**TASK DESCRIPTION**
The whole listing that follows, pictures excepted, should be printed again exactly as given.

**DATASET EXTRACT**
☆ ☆ ☆
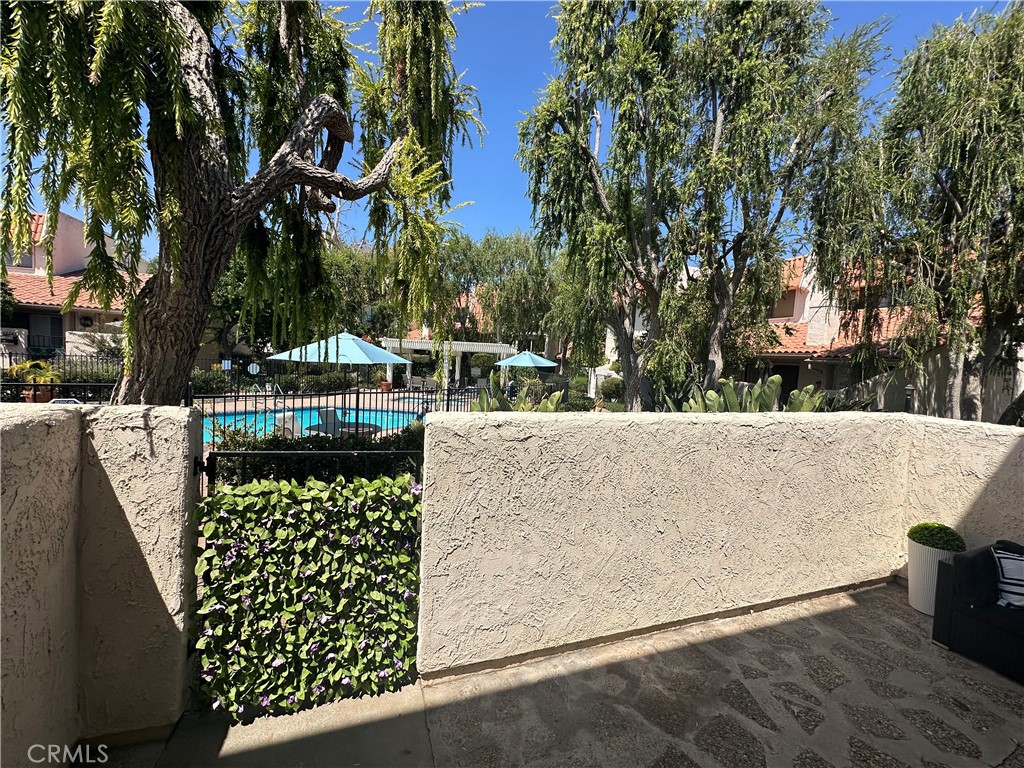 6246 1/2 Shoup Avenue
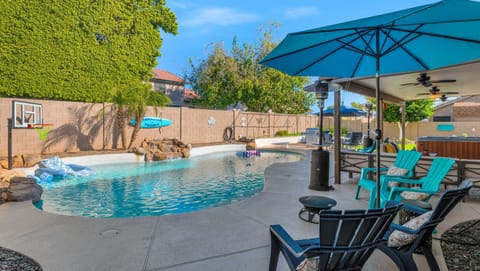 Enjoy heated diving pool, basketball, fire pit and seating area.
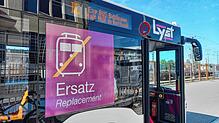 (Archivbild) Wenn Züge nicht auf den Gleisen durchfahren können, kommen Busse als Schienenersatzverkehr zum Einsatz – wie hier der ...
☆ ☆ ☆
**ANSWER SECTION**
 6246 1/2 Shoup Avenue
 Enjoy heated diving pool, basketball, fire pit and seating area.
 (Archivbild) Wenn Züge nicht auf den Gleisen durchfahren können, kommen Busse als Schienenersatzverkehr zum Einsatz – wie hier der ...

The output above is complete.